Data for processing Start Marker
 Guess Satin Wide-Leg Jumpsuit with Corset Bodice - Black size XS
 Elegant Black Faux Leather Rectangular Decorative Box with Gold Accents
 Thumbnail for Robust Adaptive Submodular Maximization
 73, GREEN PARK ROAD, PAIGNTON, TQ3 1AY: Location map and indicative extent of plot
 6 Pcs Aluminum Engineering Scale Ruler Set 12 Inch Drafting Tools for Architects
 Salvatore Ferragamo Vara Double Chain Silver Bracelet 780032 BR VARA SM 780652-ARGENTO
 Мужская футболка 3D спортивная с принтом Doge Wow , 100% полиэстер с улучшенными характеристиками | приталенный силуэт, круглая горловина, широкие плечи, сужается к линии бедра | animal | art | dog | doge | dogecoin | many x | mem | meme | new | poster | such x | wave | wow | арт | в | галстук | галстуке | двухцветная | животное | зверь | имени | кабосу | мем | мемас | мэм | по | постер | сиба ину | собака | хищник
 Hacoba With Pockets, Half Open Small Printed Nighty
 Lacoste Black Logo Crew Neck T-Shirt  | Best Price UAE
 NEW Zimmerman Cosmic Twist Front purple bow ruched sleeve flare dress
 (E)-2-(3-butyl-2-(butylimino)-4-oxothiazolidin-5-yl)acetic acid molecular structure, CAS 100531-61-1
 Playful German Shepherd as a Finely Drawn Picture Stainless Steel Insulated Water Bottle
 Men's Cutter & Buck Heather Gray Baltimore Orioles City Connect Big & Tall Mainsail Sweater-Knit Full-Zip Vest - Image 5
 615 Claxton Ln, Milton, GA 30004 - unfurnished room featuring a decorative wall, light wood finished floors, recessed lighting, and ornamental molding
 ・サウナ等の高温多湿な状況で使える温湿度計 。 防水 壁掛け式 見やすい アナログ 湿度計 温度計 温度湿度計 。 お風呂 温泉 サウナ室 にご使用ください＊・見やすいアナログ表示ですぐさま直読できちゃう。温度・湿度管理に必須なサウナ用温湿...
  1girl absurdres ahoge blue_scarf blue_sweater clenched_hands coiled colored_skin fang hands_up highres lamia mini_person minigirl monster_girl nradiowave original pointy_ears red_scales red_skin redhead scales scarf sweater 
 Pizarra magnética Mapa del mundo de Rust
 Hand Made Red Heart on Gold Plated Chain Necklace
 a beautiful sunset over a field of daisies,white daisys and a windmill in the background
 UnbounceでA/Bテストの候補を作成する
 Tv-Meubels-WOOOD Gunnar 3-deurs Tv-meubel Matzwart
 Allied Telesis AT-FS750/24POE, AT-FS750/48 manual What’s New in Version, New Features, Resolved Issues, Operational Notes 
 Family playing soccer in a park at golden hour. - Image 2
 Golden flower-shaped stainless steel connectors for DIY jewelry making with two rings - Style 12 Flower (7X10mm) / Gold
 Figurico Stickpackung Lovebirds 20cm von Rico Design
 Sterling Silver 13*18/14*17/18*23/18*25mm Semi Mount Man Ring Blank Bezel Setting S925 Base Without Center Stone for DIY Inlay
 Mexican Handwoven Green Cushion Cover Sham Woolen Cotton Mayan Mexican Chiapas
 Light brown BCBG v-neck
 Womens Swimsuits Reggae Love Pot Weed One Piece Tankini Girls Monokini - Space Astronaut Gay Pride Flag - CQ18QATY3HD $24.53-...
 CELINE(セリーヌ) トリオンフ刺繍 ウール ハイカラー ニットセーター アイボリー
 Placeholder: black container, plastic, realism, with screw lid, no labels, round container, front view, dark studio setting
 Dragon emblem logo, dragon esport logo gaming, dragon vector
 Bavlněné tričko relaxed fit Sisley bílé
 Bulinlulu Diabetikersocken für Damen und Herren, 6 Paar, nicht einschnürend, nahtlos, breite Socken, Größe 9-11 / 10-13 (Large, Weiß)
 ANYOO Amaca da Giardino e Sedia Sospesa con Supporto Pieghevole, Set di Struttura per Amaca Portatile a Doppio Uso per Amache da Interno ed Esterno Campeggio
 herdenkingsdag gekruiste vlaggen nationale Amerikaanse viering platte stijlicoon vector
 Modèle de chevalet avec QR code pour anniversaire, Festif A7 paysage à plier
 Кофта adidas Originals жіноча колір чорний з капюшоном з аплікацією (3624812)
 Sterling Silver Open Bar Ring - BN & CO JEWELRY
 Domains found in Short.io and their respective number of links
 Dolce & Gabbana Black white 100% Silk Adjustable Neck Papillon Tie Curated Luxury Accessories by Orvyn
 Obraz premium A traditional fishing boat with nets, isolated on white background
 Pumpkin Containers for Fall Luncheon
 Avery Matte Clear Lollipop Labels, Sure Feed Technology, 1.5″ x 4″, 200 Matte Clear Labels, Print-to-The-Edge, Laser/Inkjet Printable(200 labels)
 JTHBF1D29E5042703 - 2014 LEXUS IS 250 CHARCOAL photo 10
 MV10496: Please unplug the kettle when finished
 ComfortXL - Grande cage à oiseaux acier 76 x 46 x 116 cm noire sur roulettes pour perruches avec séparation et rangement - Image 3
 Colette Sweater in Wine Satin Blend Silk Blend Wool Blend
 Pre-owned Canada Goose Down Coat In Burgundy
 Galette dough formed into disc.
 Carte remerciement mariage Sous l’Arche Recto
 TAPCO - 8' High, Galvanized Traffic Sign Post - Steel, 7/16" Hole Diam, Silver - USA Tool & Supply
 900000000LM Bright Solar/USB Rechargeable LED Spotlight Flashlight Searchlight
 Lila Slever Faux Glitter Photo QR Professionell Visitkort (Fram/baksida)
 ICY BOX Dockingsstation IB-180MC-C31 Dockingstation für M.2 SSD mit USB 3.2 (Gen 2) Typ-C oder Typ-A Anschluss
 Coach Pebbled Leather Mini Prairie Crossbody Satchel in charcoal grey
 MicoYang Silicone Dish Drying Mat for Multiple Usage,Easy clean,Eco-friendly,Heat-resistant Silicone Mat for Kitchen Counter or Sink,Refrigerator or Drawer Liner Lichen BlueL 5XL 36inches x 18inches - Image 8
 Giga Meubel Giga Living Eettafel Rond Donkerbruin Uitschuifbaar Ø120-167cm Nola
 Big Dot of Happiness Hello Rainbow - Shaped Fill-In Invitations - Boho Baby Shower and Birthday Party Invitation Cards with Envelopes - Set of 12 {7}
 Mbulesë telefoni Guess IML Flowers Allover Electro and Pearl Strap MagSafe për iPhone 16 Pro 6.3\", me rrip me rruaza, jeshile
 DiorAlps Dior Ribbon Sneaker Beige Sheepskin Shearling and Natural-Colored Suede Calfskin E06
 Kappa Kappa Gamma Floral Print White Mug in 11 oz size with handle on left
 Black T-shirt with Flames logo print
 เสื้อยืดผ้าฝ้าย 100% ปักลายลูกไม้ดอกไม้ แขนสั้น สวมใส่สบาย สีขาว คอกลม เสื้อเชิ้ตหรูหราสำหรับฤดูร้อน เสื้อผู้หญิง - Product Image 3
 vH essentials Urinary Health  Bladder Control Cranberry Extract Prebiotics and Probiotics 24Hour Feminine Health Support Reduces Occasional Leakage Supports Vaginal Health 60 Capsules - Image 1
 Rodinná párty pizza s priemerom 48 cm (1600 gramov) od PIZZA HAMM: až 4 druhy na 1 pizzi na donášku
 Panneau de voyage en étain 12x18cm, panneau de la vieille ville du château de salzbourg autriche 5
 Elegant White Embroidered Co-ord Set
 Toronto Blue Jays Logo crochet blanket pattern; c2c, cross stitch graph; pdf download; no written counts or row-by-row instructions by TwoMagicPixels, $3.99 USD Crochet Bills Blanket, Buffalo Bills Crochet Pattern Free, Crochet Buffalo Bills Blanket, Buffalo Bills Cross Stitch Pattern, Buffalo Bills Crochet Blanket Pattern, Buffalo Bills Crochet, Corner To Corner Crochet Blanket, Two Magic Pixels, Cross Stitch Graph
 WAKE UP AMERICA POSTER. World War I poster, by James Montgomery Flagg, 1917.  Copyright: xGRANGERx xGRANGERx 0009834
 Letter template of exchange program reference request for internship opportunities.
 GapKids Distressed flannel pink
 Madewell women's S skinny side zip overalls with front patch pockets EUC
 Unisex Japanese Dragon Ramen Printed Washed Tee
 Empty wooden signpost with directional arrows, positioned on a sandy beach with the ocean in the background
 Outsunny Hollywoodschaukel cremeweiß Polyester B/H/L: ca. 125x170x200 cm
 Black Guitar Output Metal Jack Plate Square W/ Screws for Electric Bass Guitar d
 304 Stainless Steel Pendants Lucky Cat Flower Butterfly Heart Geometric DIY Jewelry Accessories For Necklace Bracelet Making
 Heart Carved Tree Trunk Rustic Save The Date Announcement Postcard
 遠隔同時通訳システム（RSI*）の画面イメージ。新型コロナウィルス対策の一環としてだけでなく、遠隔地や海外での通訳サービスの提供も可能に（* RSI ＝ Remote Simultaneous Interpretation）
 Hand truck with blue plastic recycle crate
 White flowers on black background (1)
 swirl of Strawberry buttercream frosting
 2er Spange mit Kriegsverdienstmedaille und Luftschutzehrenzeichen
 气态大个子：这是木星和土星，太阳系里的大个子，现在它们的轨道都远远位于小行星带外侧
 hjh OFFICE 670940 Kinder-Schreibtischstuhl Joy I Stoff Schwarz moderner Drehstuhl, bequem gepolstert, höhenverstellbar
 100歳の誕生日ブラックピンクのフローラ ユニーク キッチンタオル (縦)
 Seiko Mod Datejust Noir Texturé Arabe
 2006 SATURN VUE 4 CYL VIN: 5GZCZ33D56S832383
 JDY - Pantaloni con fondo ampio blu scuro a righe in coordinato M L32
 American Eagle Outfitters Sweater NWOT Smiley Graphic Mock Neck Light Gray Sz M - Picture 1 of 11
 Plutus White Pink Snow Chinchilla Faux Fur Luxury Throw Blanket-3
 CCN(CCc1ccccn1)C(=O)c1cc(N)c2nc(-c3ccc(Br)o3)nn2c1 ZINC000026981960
Data for processing End Marker
_What needs to be done_
Go through the listing above and copy each line that contains "Printed".

_Solution_
 Hacoba With Pockets, Half Open Small Printed Nighty
 Unisex Japanese Dragon Ramen Printed Washed Tee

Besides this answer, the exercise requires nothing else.